REQUIRED WORK
The full set of entries should be repeated without a single change.

Records from a data collection
▼
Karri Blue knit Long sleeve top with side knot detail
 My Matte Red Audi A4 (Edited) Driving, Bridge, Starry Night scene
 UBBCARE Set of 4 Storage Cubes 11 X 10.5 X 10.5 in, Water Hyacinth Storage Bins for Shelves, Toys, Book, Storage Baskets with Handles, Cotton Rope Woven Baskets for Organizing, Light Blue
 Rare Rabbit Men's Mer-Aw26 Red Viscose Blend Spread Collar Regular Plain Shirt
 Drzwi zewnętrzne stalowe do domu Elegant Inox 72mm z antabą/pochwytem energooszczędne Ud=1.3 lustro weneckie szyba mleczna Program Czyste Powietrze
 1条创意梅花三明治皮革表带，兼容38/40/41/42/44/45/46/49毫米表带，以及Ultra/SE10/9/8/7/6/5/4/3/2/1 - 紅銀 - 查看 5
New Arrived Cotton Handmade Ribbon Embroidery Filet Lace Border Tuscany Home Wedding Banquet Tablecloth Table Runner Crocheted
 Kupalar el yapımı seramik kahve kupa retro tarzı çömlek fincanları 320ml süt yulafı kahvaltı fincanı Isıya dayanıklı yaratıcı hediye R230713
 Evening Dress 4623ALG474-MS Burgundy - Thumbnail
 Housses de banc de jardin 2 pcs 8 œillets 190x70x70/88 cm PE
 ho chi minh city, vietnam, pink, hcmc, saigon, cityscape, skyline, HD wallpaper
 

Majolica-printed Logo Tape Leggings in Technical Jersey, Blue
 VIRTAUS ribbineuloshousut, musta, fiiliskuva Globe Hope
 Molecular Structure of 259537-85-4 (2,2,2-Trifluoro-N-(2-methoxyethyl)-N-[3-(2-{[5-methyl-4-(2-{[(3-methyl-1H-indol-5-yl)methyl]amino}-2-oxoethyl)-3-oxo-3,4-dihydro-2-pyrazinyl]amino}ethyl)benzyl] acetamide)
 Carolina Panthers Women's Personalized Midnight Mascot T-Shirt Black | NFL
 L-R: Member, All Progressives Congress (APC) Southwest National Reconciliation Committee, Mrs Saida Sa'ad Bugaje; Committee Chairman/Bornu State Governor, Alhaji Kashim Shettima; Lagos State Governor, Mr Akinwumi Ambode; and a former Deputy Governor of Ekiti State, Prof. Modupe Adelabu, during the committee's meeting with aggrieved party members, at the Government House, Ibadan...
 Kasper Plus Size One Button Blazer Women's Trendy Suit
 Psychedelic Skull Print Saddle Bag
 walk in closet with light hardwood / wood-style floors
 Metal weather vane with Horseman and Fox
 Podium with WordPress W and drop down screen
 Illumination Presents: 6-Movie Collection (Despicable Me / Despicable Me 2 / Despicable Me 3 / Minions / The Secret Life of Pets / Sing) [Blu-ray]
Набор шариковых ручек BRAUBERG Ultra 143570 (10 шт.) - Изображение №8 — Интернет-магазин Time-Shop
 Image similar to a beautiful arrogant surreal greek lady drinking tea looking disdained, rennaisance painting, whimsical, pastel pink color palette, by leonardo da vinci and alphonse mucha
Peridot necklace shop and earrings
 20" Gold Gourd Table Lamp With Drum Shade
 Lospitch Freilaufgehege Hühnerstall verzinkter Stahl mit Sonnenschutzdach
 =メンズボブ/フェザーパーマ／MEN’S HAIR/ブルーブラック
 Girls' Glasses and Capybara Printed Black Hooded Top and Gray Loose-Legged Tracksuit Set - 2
▲
RESULT
Karri Blue knit Long sleeve top with side knot detail
 My Matte Red Audi A4 (Edited) Driving, Bridge, Starry Night scene
 UBBCARE Set of 4 Storage Cubes 11 X 10.5 X 10.5 in, Water Hyacinth Storage Bins for Shelves, Toys, Book, Storage Baskets with Handles, Cotton Rope Woven Baskets for Organizing, Light Blue
 Rare Rabbit Men's Mer-Aw26 Red Viscose Blend Spread Collar Regular Plain Shirt
 Drzwi zewnętrzne stalowe do domu Elegant Inox 72mm z antabą/pochwytem energooszczędne Ud=1.3 lustro weneckie szyba mleczna Program Czyste Powietrze
 1条创意梅花三明治皮革表带，兼容38/40/41/42/44/45/46/49毫米表带，以及Ultra/SE10/9/8/7/6/5/4/3/2/1 - 紅銀 - 查看 5
New Arrived Cotton Handmade Ribbon Embroidery Filet Lace Border Tuscany Home Wedding Banquet Tablecloth Table Runner Crocheted
 Kupalar el yapımı seramik kahve kupa retro tarzı çömlek fincanları 320ml süt yulafı kahvaltı fincanı Isıya dayanıklı yaratıcı hediye R230713
 Evening Dress 4623ALG474-MS Burgundy - Thumbnail
 Housses de banc de jardin 2 pcs 8 œillets 190x70x70/88 cm PE
 ho chi minh city, vietnam, pink, hcmc, saigon, cityscape, skyline, HD wallpaper
 

Majolica-printed Logo Tape Leggings in Technical Jersey, Blue
 VIRTAUS ribbineuloshousut, musta, fiiliskuva Globe Hope
 Molecular Structure of 259537-85-4 (2,2,2-Trifluoro-N-(2-methoxyethyl)-N-[3-(2-{[5-methyl-4-(2-{[(3-methyl-1H-indol-5-yl)methyl]amino}-2-oxoethyl)-3-oxo-3,4-dihydro-2-pyrazinyl]amino}ethyl)benzyl] acetamide)
 Carolina Panthers Women's Personalized Midnight Mascot T-Shirt Black | NFL
 L-R: Member, All Progressives Congress (APC) Southwest National Reconciliation Committee, Mrs Saida Sa'ad Bugaje; Committee Chairman/Bornu State Governor, Alhaji Kashim Shettima; Lagos State Governor, Mr Akinwumi Ambode; and a former Deputy Governor of Ekiti State, Prof. Modupe Adelabu, during the committee's meeting with aggrieved party members, at the Government House, Ibadan...
 Kasper Plus Size One Button Blazer Women's Trendy Suit
 Psychedelic Skull Print Saddle Bag
 walk in closet with light hardwood / wood-style floors
 Metal weather vane with Horseman and Fox
 Podium with WordPress W and drop down screen
 Illumination Presents: 6-Movie Collection (Despicable Me / Despicable Me 2 / Despicable Me 3 / Minions / The Secret Life of Pets / Sing) [Blu-ray]
Набор шариковых ручек BRAUBERG Ultra 143570 (10 шт.) - Изображение №8 — Интернет-магазин Time-Shop
 Image similar to a beautiful arrogant surreal greek lady drinking tea looking disdained, rennaisance painting, whimsical, pastel pink color palette, by leonardo da vinci and alphonse mucha
Peridot necklace shop and earrings
 20" Gold Gourd Table Lamp With Drum Shade
 Lospitch Freilaufgehege Hühnerstall verzinkter Stahl mit Sonnenschutzdach
 =メンズボブ/フェザーパーマ／MEN’S HAIR/ブルーブラック
 Girls' Glasses and Capybara Printed Black Hooded Top and Gray Loose-Legged Tracksuit Set - 2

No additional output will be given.